アメリカは将来、長期にわたって西半球の外で覇権を維持することもできない。クリストファー・レイン - 株式日記と経済展望
アメリカは将来、長期にわたって西半球の外で覇権を維持することもできない。
アメリカの大戦略を支えた内的、外的条件が失われつつあるからである。
2011年11月15日 火曜日
クリストファー・レイン:著 幻想の平和 1940年から現在までのアメリカの大戦略
台湾を中国に任せ、日本を自立・核武装させるアメリカの大戦略「オフショア・バランシング」
とは? 米国政府を動かした"ネオクラシカル・リアリズム"の重要理論、待望の邦訳化。
◆今週の本棚:白石隆・評 『幻想の平和』=クリストファー・レイン著 11月13日 毎日新聞
◇アメリカ、覇権追求の論理を検証する
アメリカは、第二次大戦後、西半球を超えて、西欧、東アジア、ペルシャ湾地域で覇権(ヘゲモニー)を確立、維持することを大戦略としてきた。しかし、アメリカが将来、これらの地域で覇権を維持できる可能性は小さい。歴史は、覇権を追求すると必然的に自滅する、と教えている。それは一つには、覇権が常にカウンター・バランシング(対抗)を引き起こすからであり、もう一つは、帝国がその能力を超えて周辺に介入する「帝国の過剰拡大」をもたらすからである。では、なぜアメリカは西欧、東アジア、ペルシャ湾地域で覇権を求めてきたのか。それに代わるどのような大戦略があるのか。それが本書の問いである。
なぜアメリカは西欧、東アジア、中東で覇権を求めてきたのか。本書はこれを国際システムにおける力の分布と国内政治のダイナミックスで説明する。アメリカは第二次大戦後、ソ連もふくめ、他のすべての国々と比較して圧倒的な力をもつことになった。また、アメリカはそれまでに、西半球で覇権を確立していた。こうしてアメリカは1940年代、西欧と東アジアと中東において覇権を確立する手段と機会を手に入れた。

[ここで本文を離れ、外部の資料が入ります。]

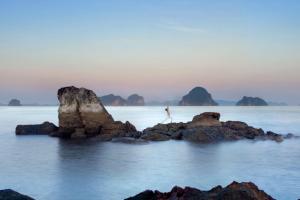 a person standing on rocks in the water with mountains in the background at Phulay Bay, A Ritz-Carlton Reserve in Tab Kaek Beach
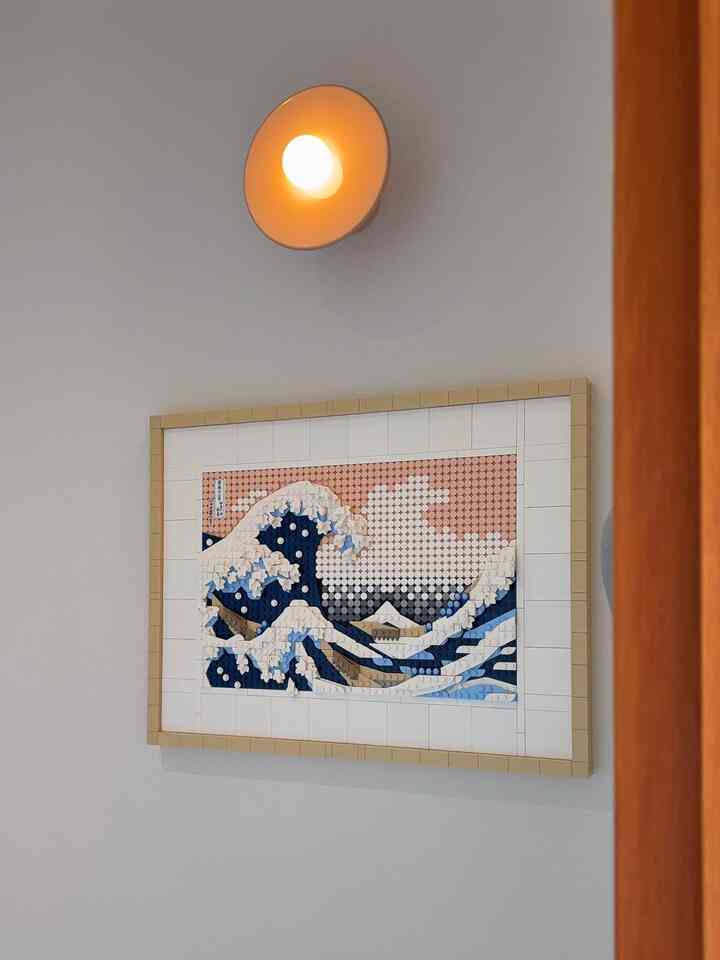 Minimal entrance space with white walls, plate-shaped wall sconce, and LEGO artwork of The Great Wave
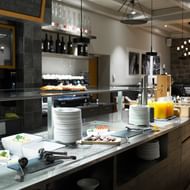 Frühstücksbuffet im Hotel Continental Park in Luzern mit gestapelten Tellern, Saftspender und Speisen auf Marmortheke in modernem Speiseraum.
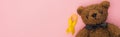 Top view of yellow ribbon and teddy bear on pink background, panoramic shot, international childhood cancer day concept.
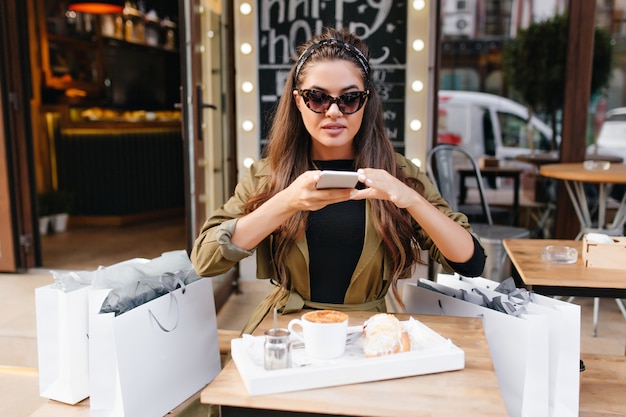 Jolie femme en lunettes de soleil sombres assis dans un café en plein air à côté de sacs de boutique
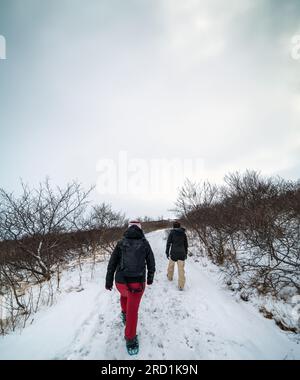 Zwei Frauen versammelten sich vom extrem kalten Spaziergang mit Schneeschuhen und Steigeisen auf einem verschneiten und gefrorenen Pfad in einigen isländischen Bergen in Richtung Wat Stockfoto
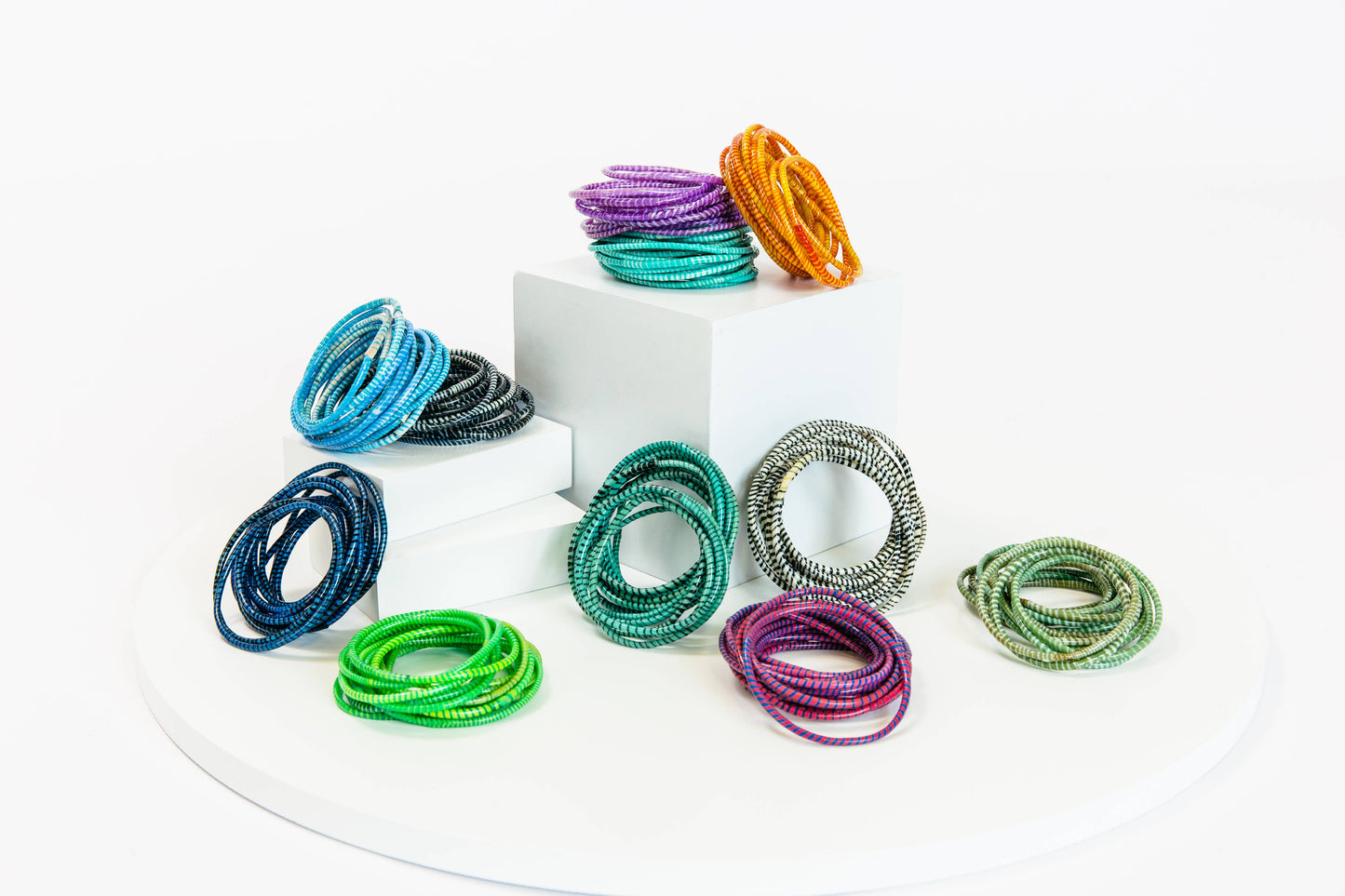 Shell pink Beach Bangles bracelet by BECASA featuring multiple colorful shell and beaded designs on a white background.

しかし、それだけでは、アメリカがなぜこれらの地域で覇権を求める行動をとったか、説明できない。それを説明するのがアメリカの「門戸開放(オープン・ドア)」である。門戸開放は、経済的には、国際的に開かれた経済システムを維持すること、政治的には、民主制と自由主義を世界に広めることを意味する。アメリカには、その政治経済システムを維持し、繁栄と安定を維持するためには、民主的で開かれた自由主義的国際秩序を世界に拡(ひろ)げていかなければならないというウィルソン主義的な考え方がある。これがアメリカの覇権追求の国内政治的衝動を生み出す。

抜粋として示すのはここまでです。